Designer Tony Chi has paid homage to the original building’s heritage and, in what appears to be, a no- expenses-spared budget (an £85 million investment ) has turned it into a grand hotel. Modern infused with Chinoiserie and a London vibe, this hotel is the epitome of luxury and yet manages to be warm and welcoming. The seven-story Pavonazzo marble staircase is simply jaw-dropping. 

Chi has not only worked wonders with other hotel interiors including the likes of the highly-acclaimed Park Hyatt Shanghai, but also has created homes for the Cheng family whose company, New World Development, now owns the Rosewood. The rooms have been furnished with flair and have all the mod cons that you need. Although I did not slip between the high-quality thread count sheets, I’m sure that spending a night here would be an experience.



Grand Premier Suite


You enter the hotel through two sets of wrought iron gates that lead into a courtyard. If you have ever aspired to arriving at Downton Abbey, then the Rosewood London should help satisfy your cravings. 

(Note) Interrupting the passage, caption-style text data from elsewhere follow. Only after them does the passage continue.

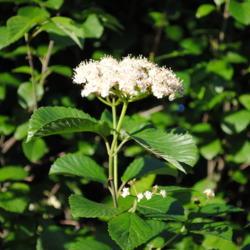 Location: Downingtown, Pennsylvania
Date: 2011-06-02
Smooth Viburnum all fertile flower cluster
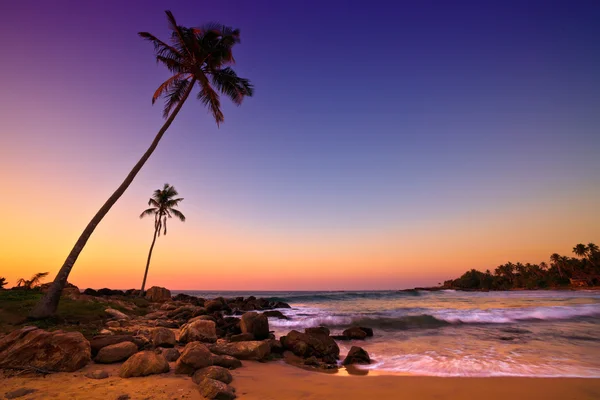 günbatımı palm Beach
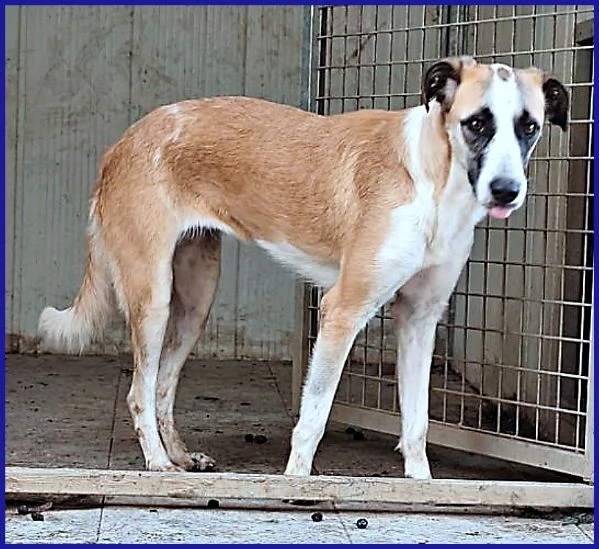 NORMA GIOVANE CAGNOLINA | Foto 2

On the right hand-side is the bar which is reminiscent of a traditional London club complete with a roaring fire. Designed by Martin Brudnizki, who is also responsible for the brasserie which opens in February, it works well with the stunning gas lamps that adorn the front of the hotel. 

This buzzy yet cosy bar, which also dishes up curries and casseroles, is where you should head to when you want to turn going out for a drink into an occasion. Sit in comfy armchairs with a cocktail while listening to a piano player. The most popular is the Seine River Fizz (£12), a melange of Grey Goose Vodka, Domaine de Canton Ginger, lime juice with basil leaves added to Fentimans Victorian Lemonade and the bar’s bespoke Elderflower Foam.

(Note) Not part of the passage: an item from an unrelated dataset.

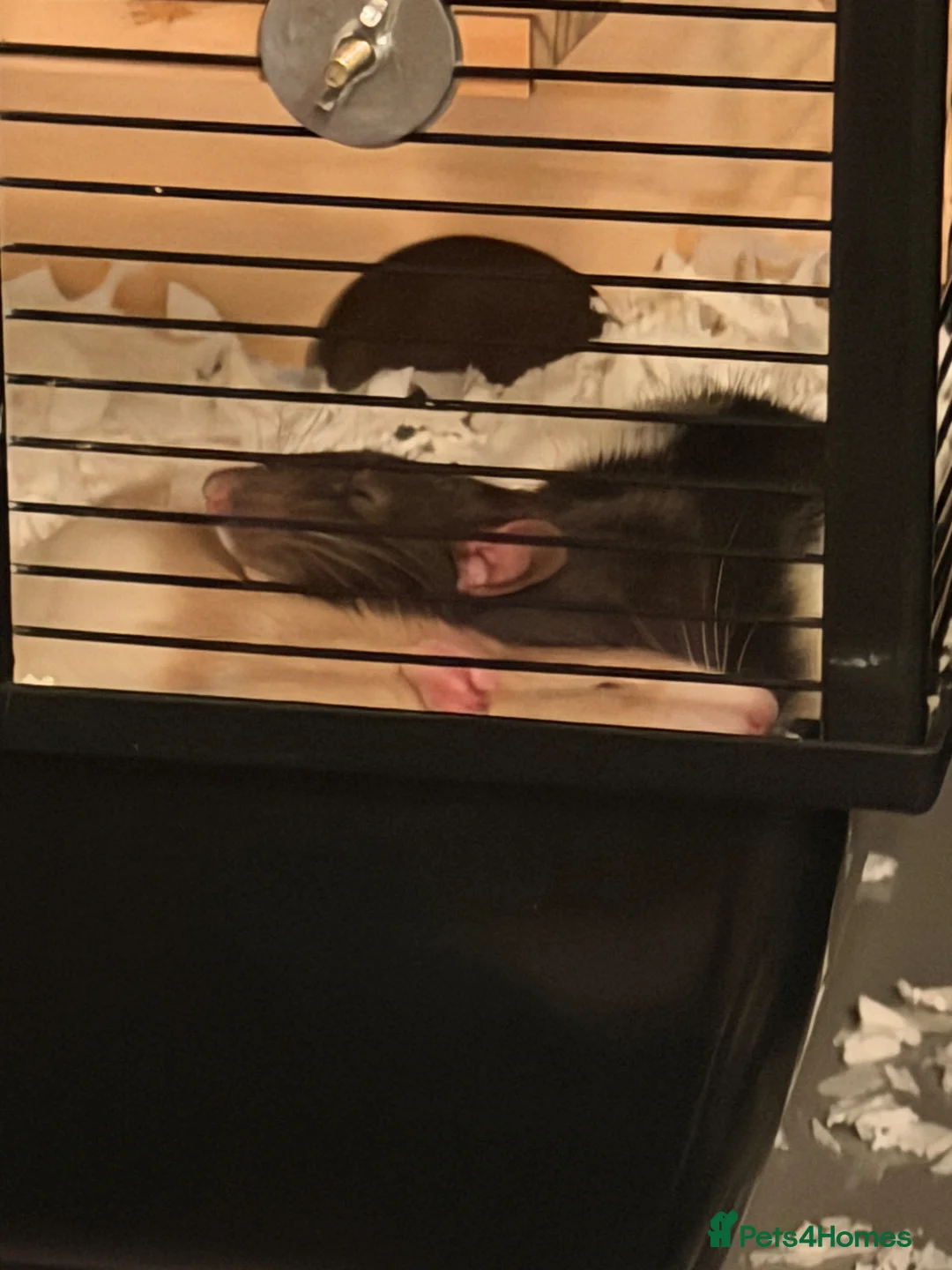 Rat rodents for sale: 2 male rats- come with cage and toys  - Advert 2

After relaxing over an aperitif, we had dinner in the rather splendid Mirror Room, which gets its name as you can guess from being decked out in mirrors. The table and chairs are low, making it feel relaxed. Service is attentive and friendly.

The chef Bjorn van der Horst, who got a Michelin star when he was executive chef at The Greenhouse, has concocted a menu which consists of an array of delicate small dishes such as rose veal tatar, hamachi, citrus-soy and lobster with endive, vanilla and brown butter.

There is a good selection of wines by the glass and the sommelier is only too pleased to give recommendations. The dessert counter is not to be missed.

With the arrival of Rosewood London, midtown has just got cool.